Top of Excerpted records

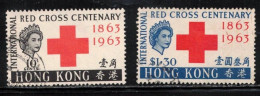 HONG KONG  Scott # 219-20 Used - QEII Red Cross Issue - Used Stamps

Bottom of Excerpted records
Top of Excerpted records

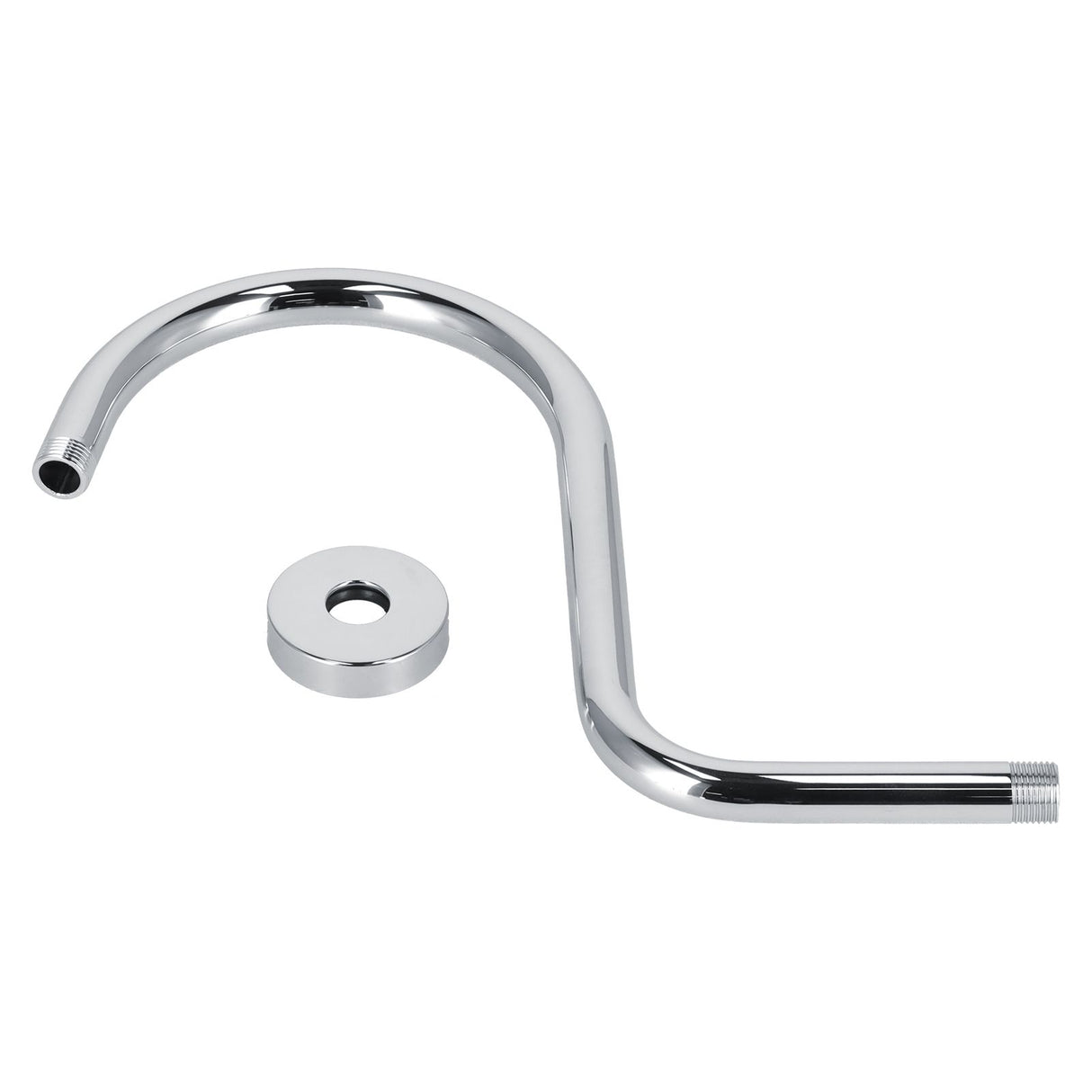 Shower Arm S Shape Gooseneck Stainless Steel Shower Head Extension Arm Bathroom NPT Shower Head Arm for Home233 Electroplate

Bottom of Excerpted records
Top of Excerpted records

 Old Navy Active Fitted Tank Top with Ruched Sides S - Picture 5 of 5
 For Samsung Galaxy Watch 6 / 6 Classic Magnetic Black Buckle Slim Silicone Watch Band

Bottom of Excerpted records

• Work required
Start with the line above that contains "Old Navy Active" and end with the line that contains "For Samsung Galaxy". Write out those lines exactly, and only those.

• Finished exercise
 Old Navy Active Fitted Tank Top with Ruched Sides S - Picture 5 of 5
 For Samsung Galaxy Watch 6 / 6 Classic Magnetic Black Buckle Slim Silicone Watch Band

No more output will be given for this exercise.